I’ve always been a fan of how dark/twisted/ridiculous fairy tales were and find it quite fascinating. Anyhoo, I had looked this story up before and ran into info on Hans Christian Andersen. Apparently, he lived an asexual life but had quite a few unrequited loves, many of them men. Knowing that, it’s pretty easy to see how much of the story of The Little Mermaid could be interpreted as an allegory for having feelings for someone who does not or cannot reciprocate them. Which, at least to me, explains the seemingly unnecessary pain the little mermaid had to endure for acting on her feelings. Just thought I’d chime in on the year-old podcast with this bit of information in case nobody else had :) Thanks again for the fun podcast!
haha I sneak “under da sea” in at other points in the podcast, so keep a lookout :)
I was too hard on that story…I was still new at this, and it’s actually kind of beautiful if you don’t take too critical a look at it. Perspectives like yours and others really helped me understand it a lot better.
I made sure to double check and see all the queer perspective comments before i jumped in. I love how open you are to learning more and taking in other perspectives, and im listening to your podcast to keep me sane through the dinner rush
I normally like your podcast, but if you are going to spend an entire episode commenting on how much you dislike a story while telling it, maybe you could skip that story?
Also when reading a story that has only one source, which is fairly recent and easy to get a hold of, maybe you could stick more to the original story…
Other than that, thanks for a great podcast, especially the norse stories.
That’s fair.

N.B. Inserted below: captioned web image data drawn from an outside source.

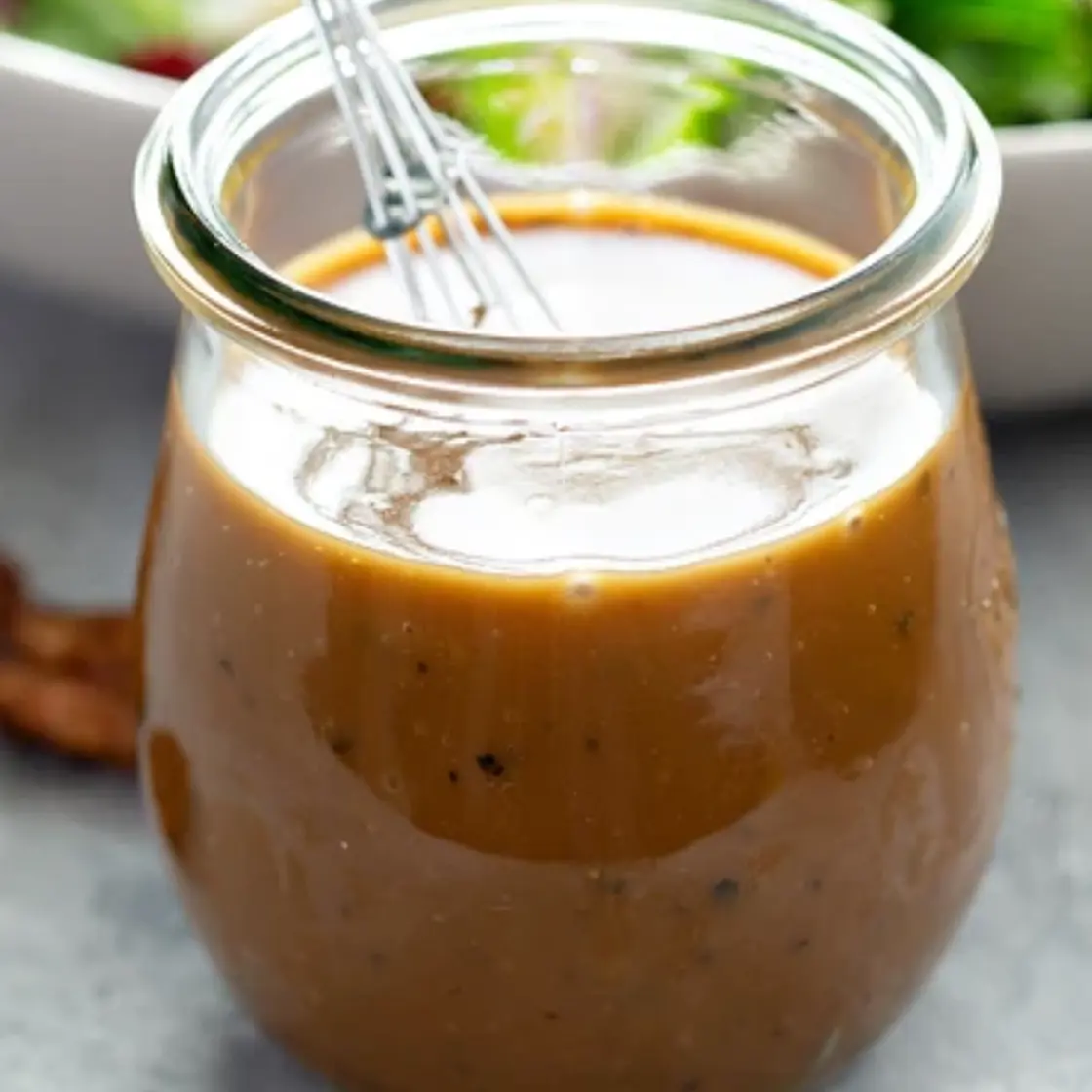 Creamy. Balsamic Basil Dressing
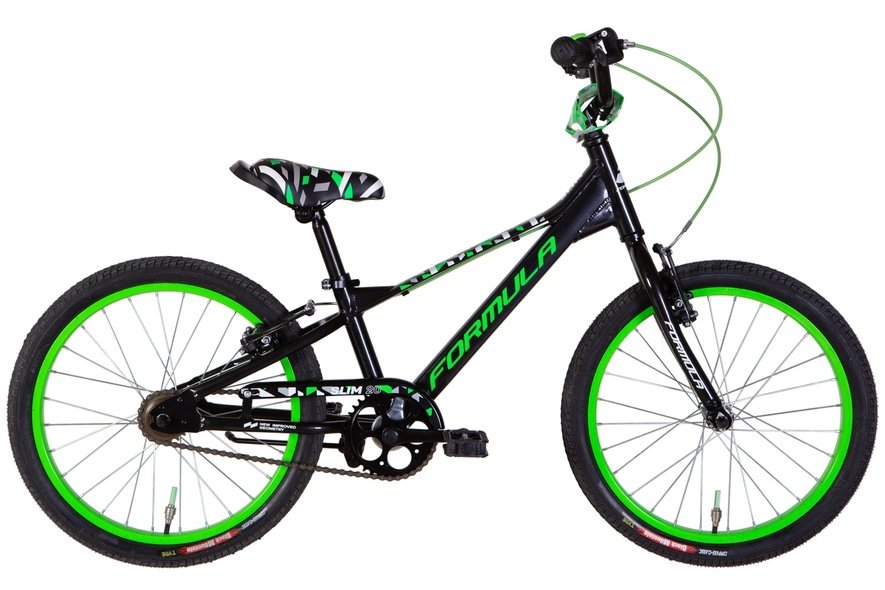 Велосипед Formula Slim AL 20" 2022, черно-зеленый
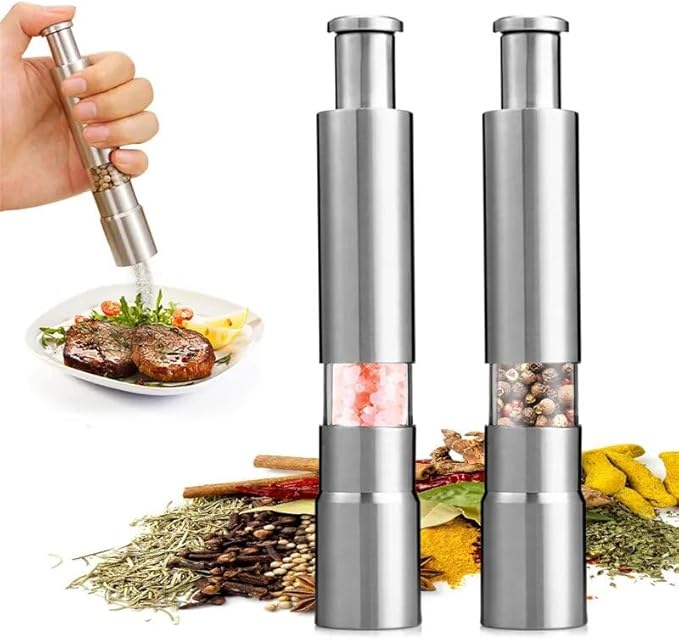 Luxe Peper- en Zoutmolen voor Gourmet Keuken - Velinix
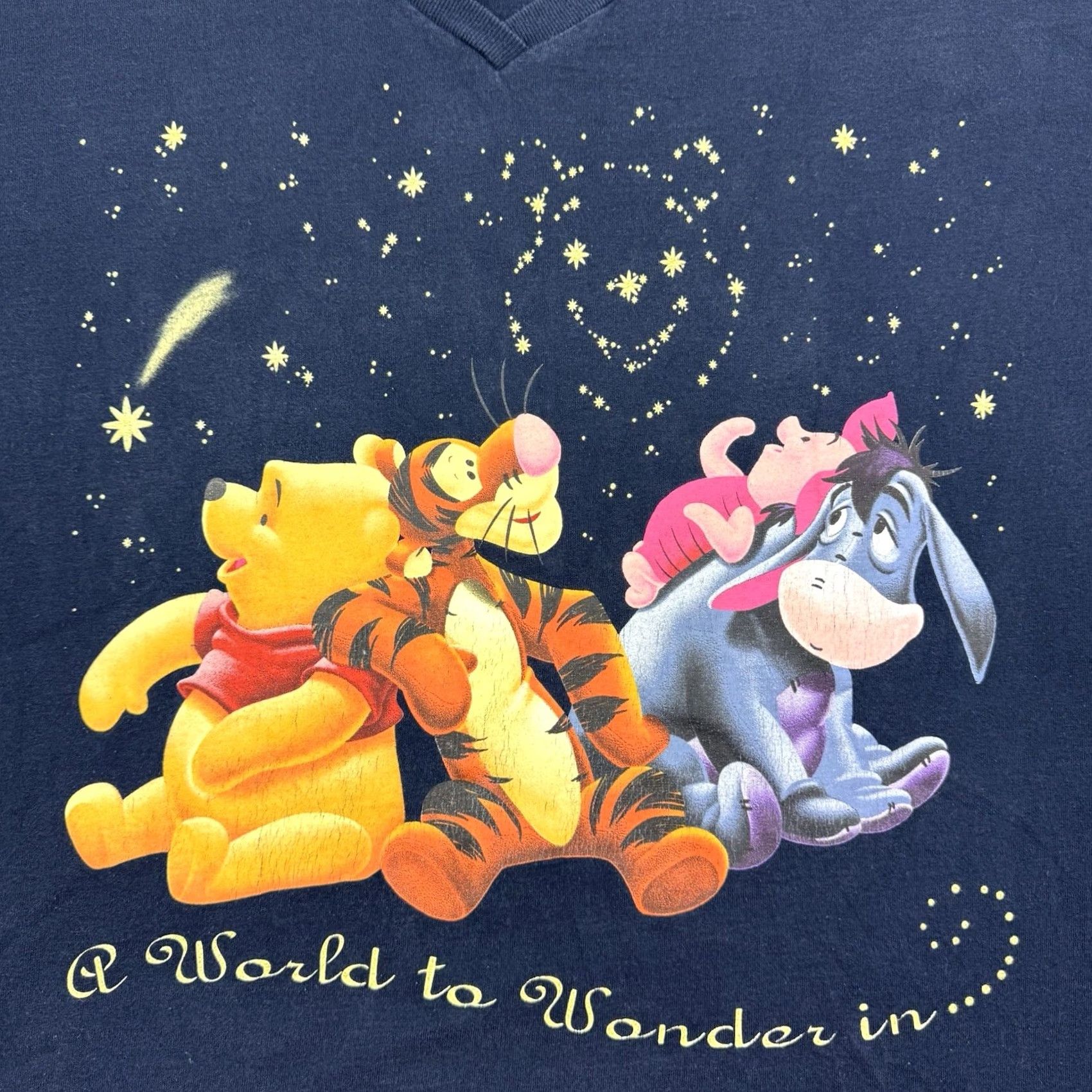 Vintage VINTAGE Winnie The Pooh Sleep Shirt Womens L Eeyore Tigger Piglet Night Sky Shirt Size L / US 10 / IT 46 - 2 Thumbnail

I did it because I got numerous listener requests for it, and I’ve since eaten my words that it was the worst story ever. I’ve heard some really good interpretations of it from listeners since, and it’s not that bad.
The way I presented it was just as my reaction as a reader on how violent/inconsistent/weird the original was, despite it being held up as a great story by modern audiences. I stand by the fact that the original is not a well-written story, but I definitely didn’t hate it. Given that the original is not that well-known, I thought it would be constructive to tell. I think I was at least able to communicate the story to someone who didn’t already know it, even if I did just riff on it the whole time.
I’m glad you usually like the podcast though! I love the Norse legends. I’ve studied them academically, and have done a lot of personal reading on the history behind them.
i’m sorry, but i disagree. this podcast crystallized exactly why i’ve always loathed that story – even as a little girl, i knew something was seriously wrong and i would get livid when the teacher tried to read it on the Reading Rug.
i don’t think Jason or any storyteller has to sit there smiling and nodding and agreeing with every story – that’s what facebook is for.
Hello! First of all, I have to say I really like your podcast, thanks for making it! On the topic of little mermaid though, I think it’s interesting how much you don’t like it, considering how absurd some of the other tales are:D Personally, I know the original mostly from this czech adaptation: https://www.youtube.com/watch?v=2VCE2PRS-C8 , which is tragic, but utterly beautiful (and doesn’t include the daughters of the air, which seem unnecessary anyway…)
Haha, yes, I think I was a bit too hard on the little mermaid. Ignoring the daughters of the air ending and looking at just the characters, you’re right, it is actually a good story. The character of the little mermaid is tragic, conflicted, and interesting and I wish I would have given that a bit more focus in the podcast.